Description
Kafka, Franz (1883 – 1924)
Kafka’s earliest known piece of creative writing
An extraordinary original autograph aphorism by Franz Kafka, at the age of fourteen. Kafka carefully writes out in fountain pen ink a recognisably ‘Kafkaesque’ sentiment:
‘Es gibt ein Kommen und ein Gehn
Ein Scheiden und oft kein — Wiedersehn
Prag den 20. November [1897]
Franz Kafka.
English translation:
‘There is a coming and a going
A parting and often no — reunion’
Prague, November 20th [1897]
Franz Kafka’
Kafka’s words seem imbued, already, with a preternatural sense of forboding, of coming grief, and are announced with the strange, still logic that haunts his later work. This autograph contribution is contained within a liber amicorum (131 x 84 mm., 20 leaves of which 12 blank, contemporary red blind stamped cloth) once owned by Kafka’s schoolfriend, Hugo Bergmann. Many other pages contain inscriptions by Bergmann’s other friends. An extraordinary opportunity to own the first known creative sentiment written by one of the most influential writers of the 20th century.

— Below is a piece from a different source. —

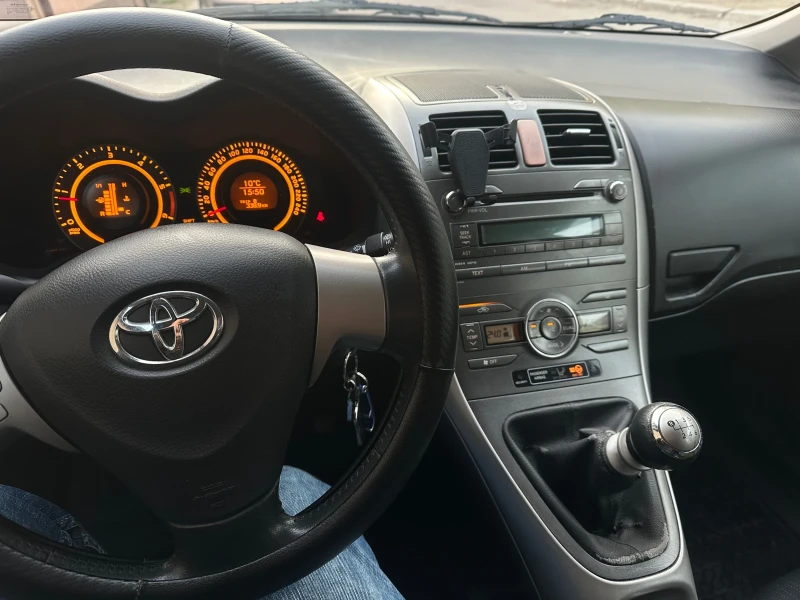 Toyota Auris 2.0 d4d, снимка 15 - Автомобили и джипове - 48456301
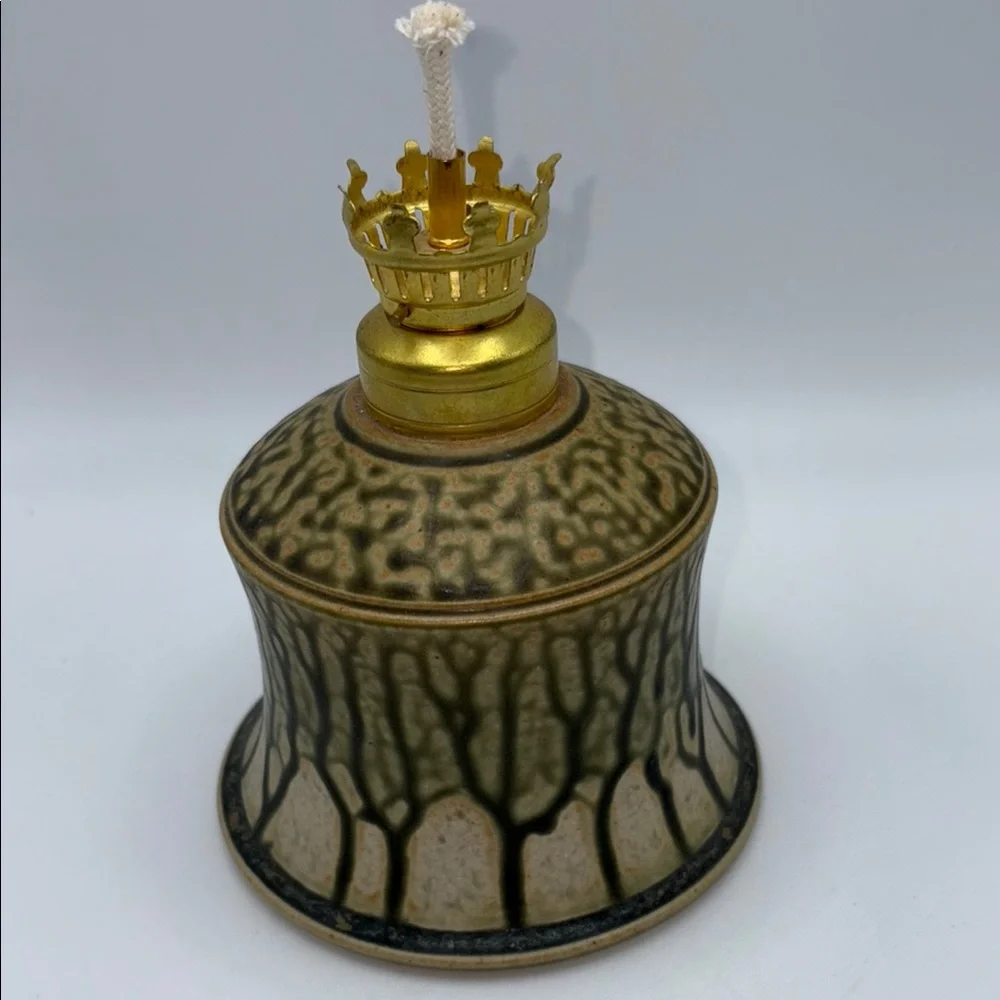 Elegant Frank Stofan studio art pottery signed ash glaze Gold and Cream Oil Lamp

Hugo Bergmann (1883-1975) was Kafka’s closest friend in high school. It was in Bergmann’s house that Kafka first announced he was going to become a writer. He became a philosopher, first rector of Hebrew University and the founder of Israel’s National Library. On his 90th birthday, Bergmann reflected on the meaning of Kafka’s aphorism in his liber amicorum, and offered an interpretation: ‘When Kafka wrote these words at Barmitzvah age, did Kafka have in mind the deep meaning that we attach to his words today? – I don’t know… we can probably interpret these lines as a warning to his generation’. (Bergmann, Tagebücher und Briefe, volume 2, Königstein, 1985 p. 698).